TitleAssistant Professor
InstitutionBoston University College of Arts and Sciences
DepartmentChemistry
Address590 Commonwealth Avenue
Boston MA 02215
Phone(617) 358-8584
 Research Expertise & Professional Interests
Xi Ling joined the Department of Chemistry in September 2016. Since 2012 she had been a postdoctoral associate at MIT.

The Ling Group focuses their research interests on the fundamental science and applications of nanomaterials and their hybrid structures. They specialized in the synthesis of two-dimensional (2D) van der Waals materials, their characterization through spectroscopy, and their implementation to develop novel nanodevices. They aim to use their interdisciplinary knowledge to (1) explore an effective method to synthesize functional hybrid nanostructures directly in a controlled manner, (2) reveal the physical nature of such nanomaterials and the interface phenomenon of their hybrid structures using advanced spectroscopy techniques, and (3) develop high performance, multifunctional flexible and transparent devices for energy conversion and chemical sensing. The group shares their core values of learning, innovation, integrity, collaboration and service. The current research interests in Ling’s lab include:

Synthesis of novel inorganic and organic 2D materials & hybrid structures (such as graphene, transition metal dichalcogenides (TMDs), and covalent organic frameworks (COFs)). 2D materials are a group of materials with one or several atomic layer in thickness. Although it has been realized that there are hundreds of members in this family. Few of them can be synthesized on a surface in a large scale. In particular, the hybrid structures among the 2D materials can provide additional functions for the materials, which allows us to fabricate multifunctional nanodevices based on the controllable structures. Utilizing the chemical vapor deposition (CVD) techniques combined with surface engineering, we aim to explore effective methods to synthesize the novel inorganic and organic 2D materials and assemble them in-situ with precious alignment and clean interface.

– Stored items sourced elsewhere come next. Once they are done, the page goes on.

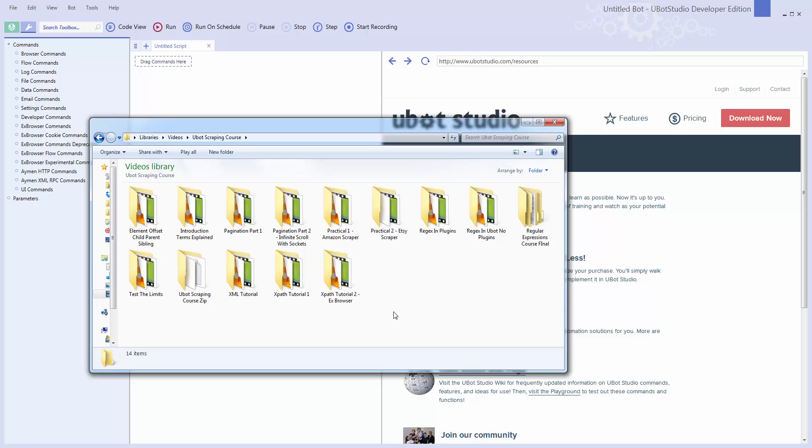So the reason I wanted to do it like that was because I wanted you to see what it was like to just go in and start figuring the site out.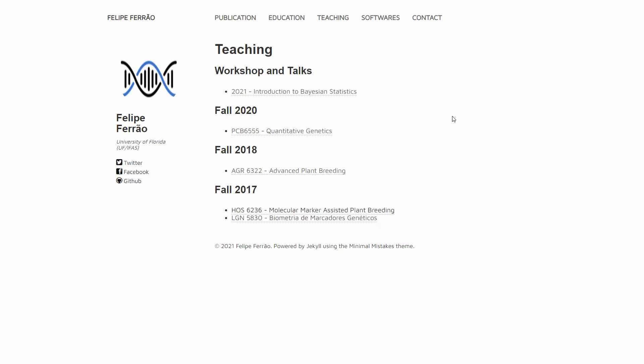If you are interested in more stuff that Felipe does, of course there are more links here. But as I don't want to keep this video very long, we will jump right away into one of the teaching materials, that is the quantitative genetics.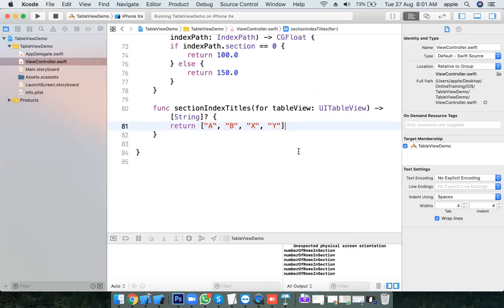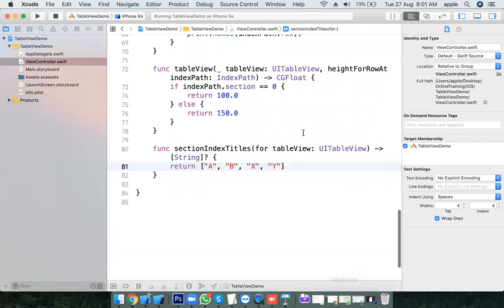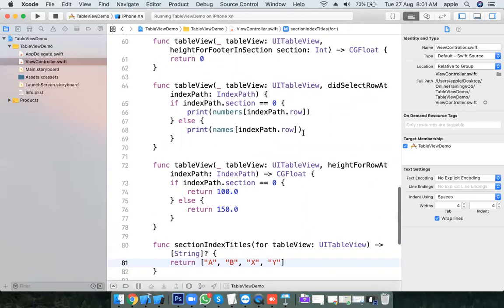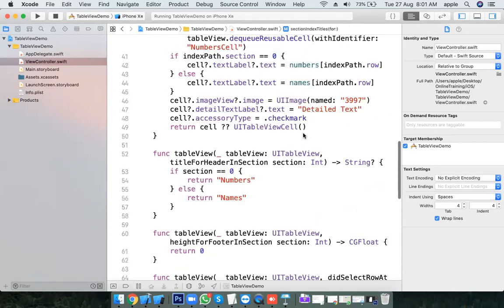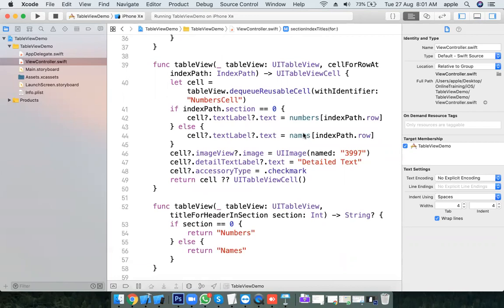This is all about table view. Table view customization is very important and there are multiple ways to customize it. I hope you find something new here and the concept is clear.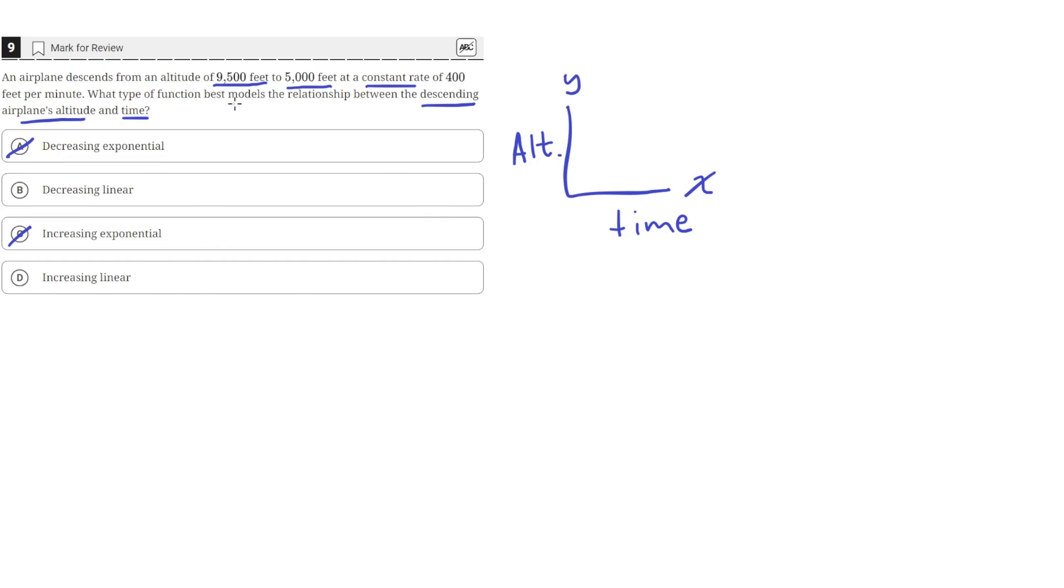The question said that the function is descending because the altitude is descending with respect to time, which means the altitude is going down from 9,500 feet to 5,000 feet.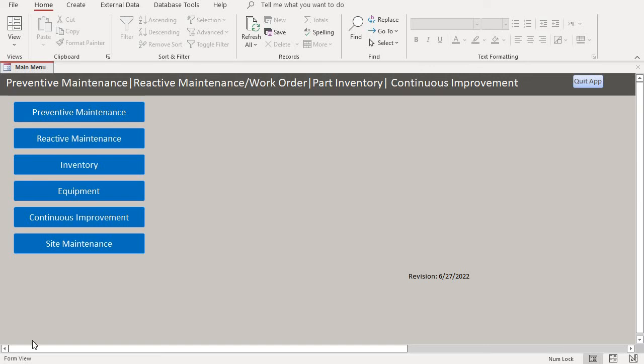Hello, everyone. Welcome to another tutorial on my assets maintenance database. Today, we're going to go over the inventory side. This is how to add items to inventory.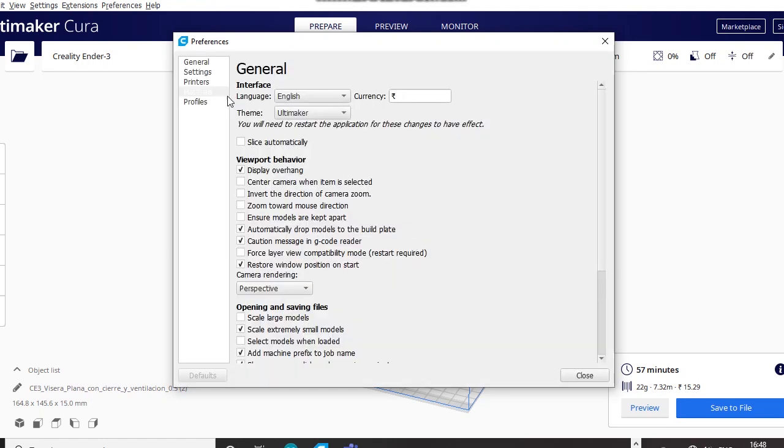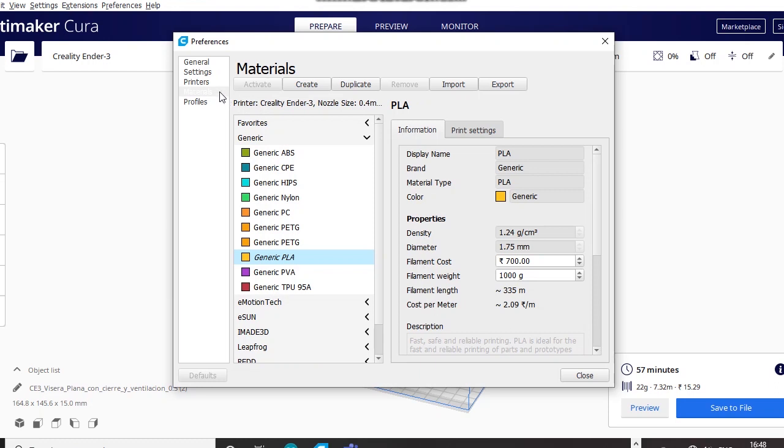So here we can check out the materials. As you can see I have selected the generic PLA right here. I am dealing in INR. You can see the currencies.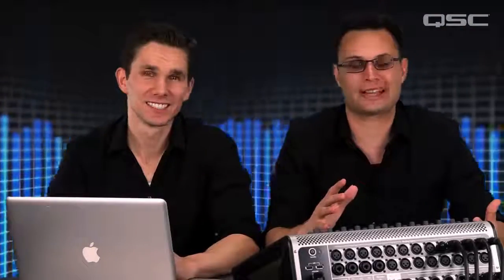So that's a look at how you can use your TouchMix 30 Pro with your DAW. You may find that your favorite live sound mixer is also your best choice for a DAW interface.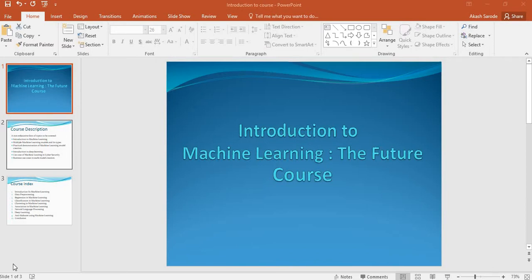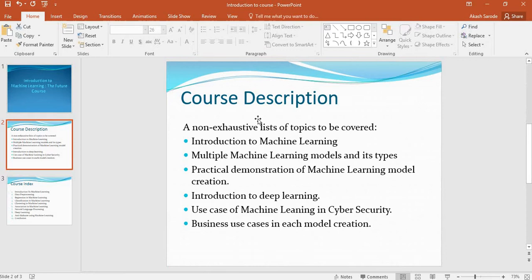Hello friends, welcome to Machine Learning the Future course. I'll be starting with a new course based on machine learning. Let's look at the course descriptions — this will be a non-exhaustive list of topics to be covered: introduction to machine learning, multiple machine learning models and its types, practical demonstration of all those machine learning model creations.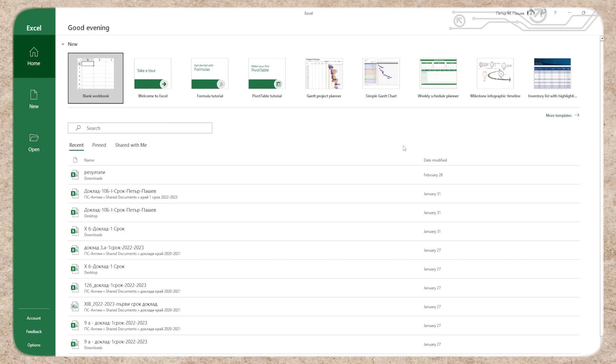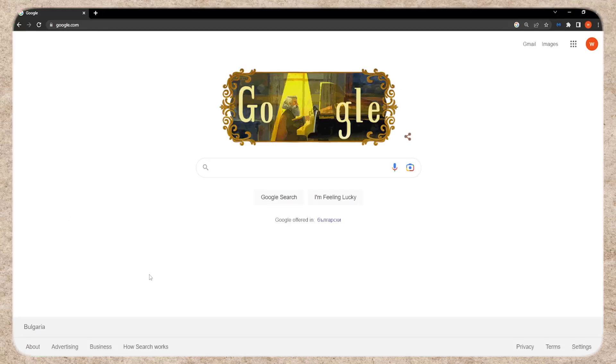Hello everyone, welcome back to my channel. Today, I'll show you how to download and install Microsoft Excel for free. There are two ways to do this.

Spectroscopic characterization of nanomaterials and nanostructures. Spectroscopy techniques (such as Raman spectroscopy, photoluminescence spectroscopy, and absorption spectroscopy) are powerful to study the properties of materials in-depth, as the light-matter interactions involve the physical particles (such as electron, phonon, exciton and trion) whose behaviors decide the properties of the materials. We aim to reveal the optical, electric and thermal properties of the nanomaterials and nanostructures using multiple spectroscopic techniques combined with other nanotechnologies. Beside the intrinsic properties, we are also interested in the properties of the materials or structures under external perturbations (such as temperature, strain and electric field).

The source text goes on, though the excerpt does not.